Coder Social home page Coder Social logo

confluent-platform-operator's Introduction

Deploy CRD and operator:

kubectl create ns operators
kubectl -n operators apply -f deploy/mandatory.yaml

Create cluster:

kubectl create ns confluent
kubectl -n confluent apply -f deploy/confluent-platform.yaml

Confluent Platform configuration (example):

---
apiVersion: kafka.pm.bet/v1beta1
kind: ConfluentPlatform
metadata:
  name: confluent
spec:
  # Version of Confluent Platform.
  version: 5.5.0

  license: ""

  zookeeper:
    enabled: true

    # Number of nodes of the zookeeper cluster.

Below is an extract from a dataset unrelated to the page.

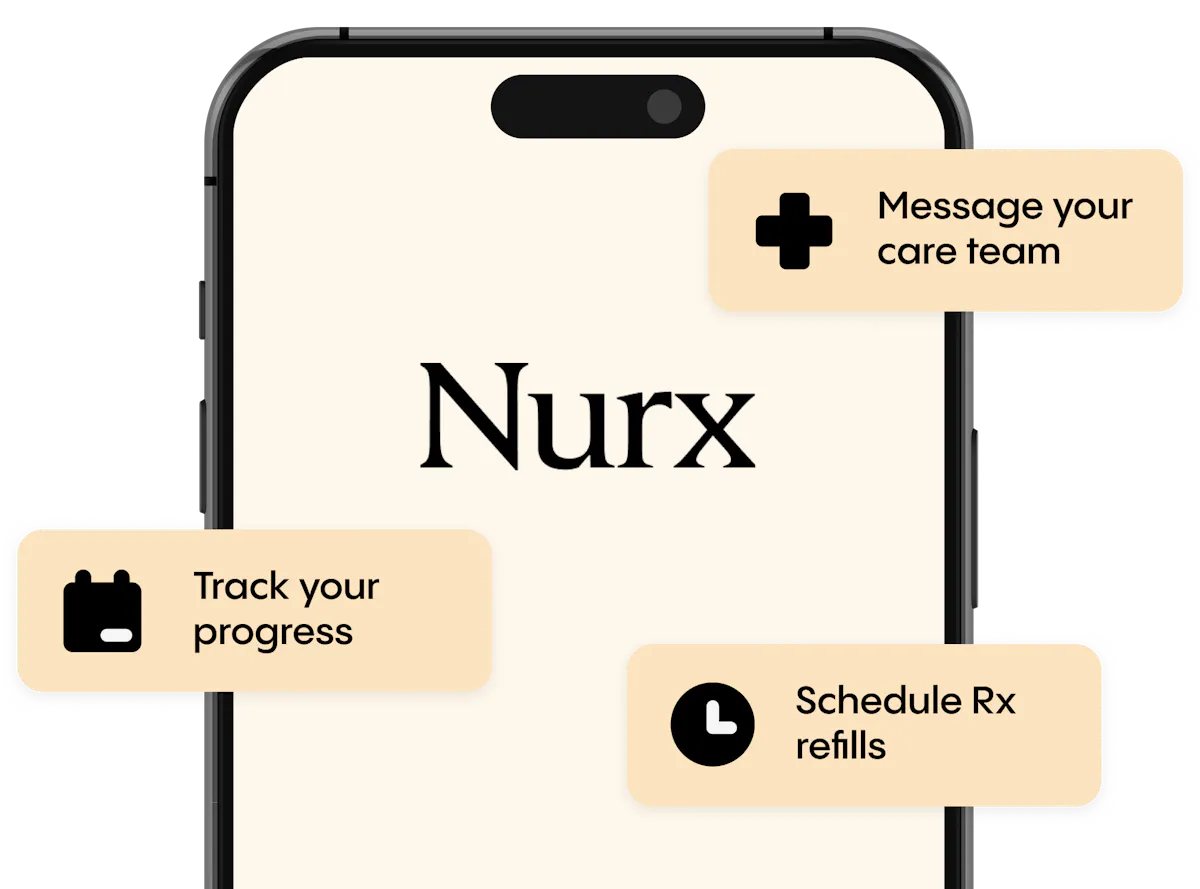 Nurx app mockup showing care-team messages, progress and prescription refills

The amount must be odd.
    size: 3

    # This is the port where ZooKeeper clients will listen on.
    # This is where the Brokers will connect to ZooKeeper.
    # Typically this is set to 2181.
    clientPort: 2181

    # This port is used by followers to connect to the active leader.
    # This port should be open between all ZooKeeper ensemble members.
    serverPort: 2888

    # This port is used to perform leader elections between ensemble members.
    # This port should be open between all ZooKeeper ensemble members.
    electionPort: 3888

    # JMX port
    jmxPort: 9999

    # The unit of time for ZooKeeper translated to milliseconds.
    # This governs all ZooKeeper time dependent operations.
    # It is used for heartbeats and timeouts especially.
    # Note that the minimum session timeout will be two ticks.
    tickTime: 2000

    # The initLimit and syncLimit are used to govern how long following ZooKeeper servers can take
    # to initialize with the current leader and how long they can be out of sync with the leader.
    initLimit: 5
    syncLimit: 2

    # When enabled, ZooKeeper auto purge feature retains the autopurge.snapRetainCount most recent snapshots
    # and the corresponding transaction logs in the dataDir and dataLogDir respectively and deletes the rest.
    autopurgeSnapRetainCount: 3

    # The time interval in hours for which the purge task has to be triggered.
    # Set to a positive integer (1 and above) to enable the auto purging.
    autopurgePurgeInterval: 24

    # The maximum allowed number of client connections for a ZooKeeper server.
    # To avoid running out of allowed connections set this to 0 (unlimited).
    maxClientCnxns: 60

    logRootLoglevel: "INFO"
    logLoggers: "INFO"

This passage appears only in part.